One of the unique aspects of Bonneville is that is a bit like heading out on the Oregon Trail. Granted the air conditioning in the transport helps, but you have to be ready, willing and able to confront and overcome any number of obstacles during the expedition. There is the 24 hour drive there that is done in one stretch due to the size of the group (10 people this year) and the extra time and expense a two-day trip would entail (motels and time off work). This involves a trip over the Rockies with a very heavy trailer and five people in each vehicle. On the way out the mountains are generally encountered at night, reducing the stress on the cooling systems and tires, but is still a 6,000 foot climb up and down.
This year looks to be a bit different as Sam Wills is joining us as the primary rider on the bikes and he plans to meet us in York NE to allow us to hand our trailer off to him. He uses a converted semi to haul his Top Fuel Bike program around and our trailer shouldn’t even be noticed behind his rig. We got things a bit hot the last time going there and with the Suburban being another two years older, I don’t want the geriatric darling to suffer needlessly.
The other aspect of the challenge is being able to deal with any mechanical issues on the bikes themselves during competition. Having the only injected nitro Ducati in the world and the only turbo streamliner makes you unique, but unable to cadge parts from anyone else. Our Swiss friends were lucky we were there with virtually everything in spares the last time out. This depth of spare parts is a major contributing factor to success when running at or beyond the limits, but also when it comes to the weight of the trailer, truck and van. We travel with a spare complete engine for both bikes and three complete top end assemblies for both as well. That doesn’t include the ancillary items such as 40 gallons of nitro (@10 lbs. per gallon), 15 gallons of gasoline, 10 gallons of methanol, 10 gallons of water, 46 quarts of oil, generator, pit bike, awning, and on and on and on. A few of the jugs are shown below.

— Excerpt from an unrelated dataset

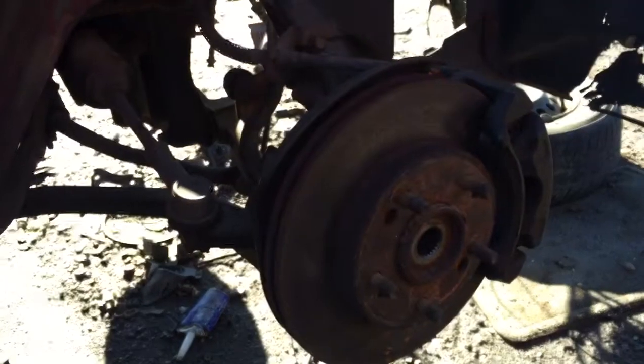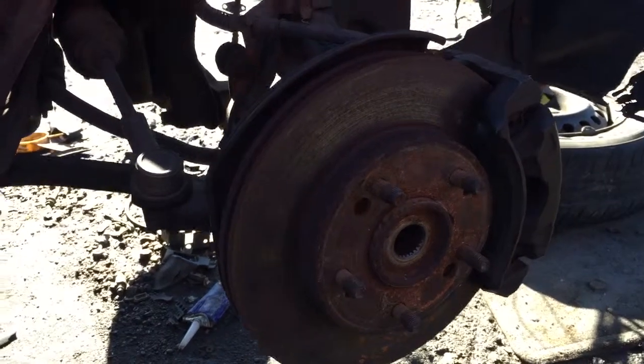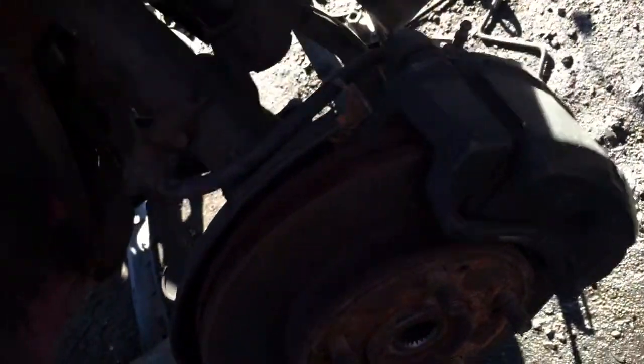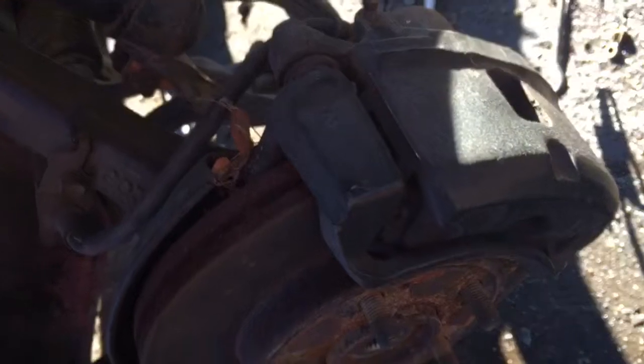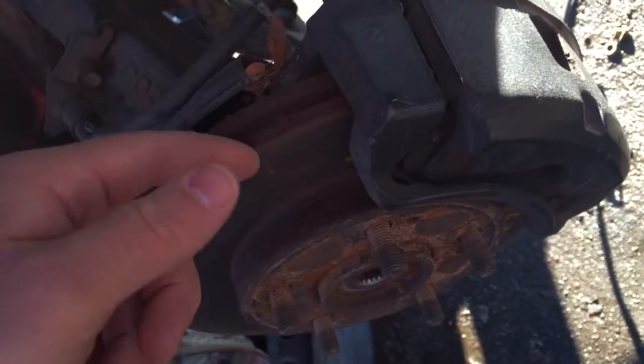Here's a 1998 Mitsubishi Eclipse, and I just want to give you a visual. The front brakes are a really easy job. All you've got to do is remove the top two bolts on the caliper and the two bolts right there on the bracket. Once you have those off, the rotor will pop right off.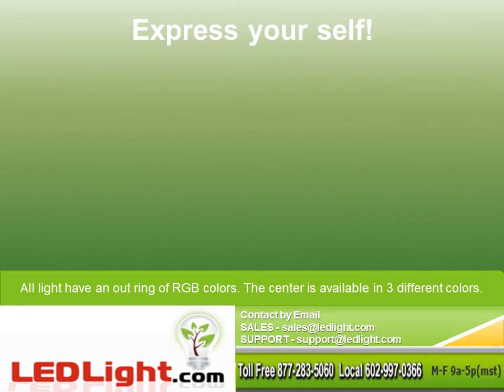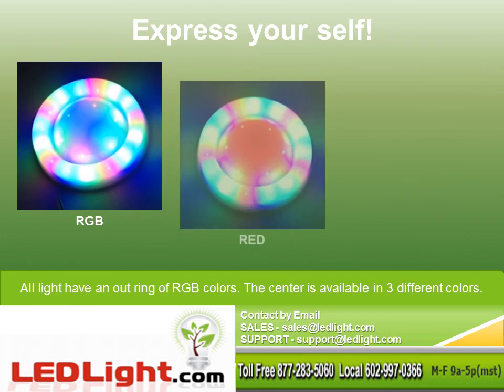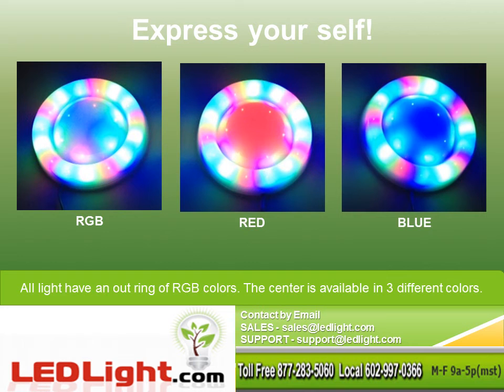Use LEDs to express yourself. All lights have an outer ring of red, green, and blue colors. The center is available in three different colors: either RGB, red, or blue.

Well I have finished up the spare parts, spare engine parts, verifying the spare engines, and all I have left to do today is a couple of small items on the injected bike and cutting 10 spark plugs. Another 3 hours of work and then I get to go home and pay bills. Oh the romance of being a business and race team owner.
This coming weekend is when we start loading in the stuff that is on the carts and checking the trailer and truck over. I would have done it this weekend, but as it happens, my daughter Leigh, is moving back to Madison for a job and with her first baby due soon (hopefully after Bonneville) all her furniture is in the trailer, to be moved out this coming Friday. Once I get the trailer back, it is time to pile it in. Another aspect of this is it has to survive 24 hours of shaking, bouncing, and rattling and emerge unscathed at the end. Our trip to Tulsa earlier this summer didn’t end so well and after quite a few hours, the bodywork looks much better. If I scratch the candy paint on the injected bike again, my daughter Jacki will kill me.
Well back to work and onward.
As the loading progresses I’ll keep you all posted.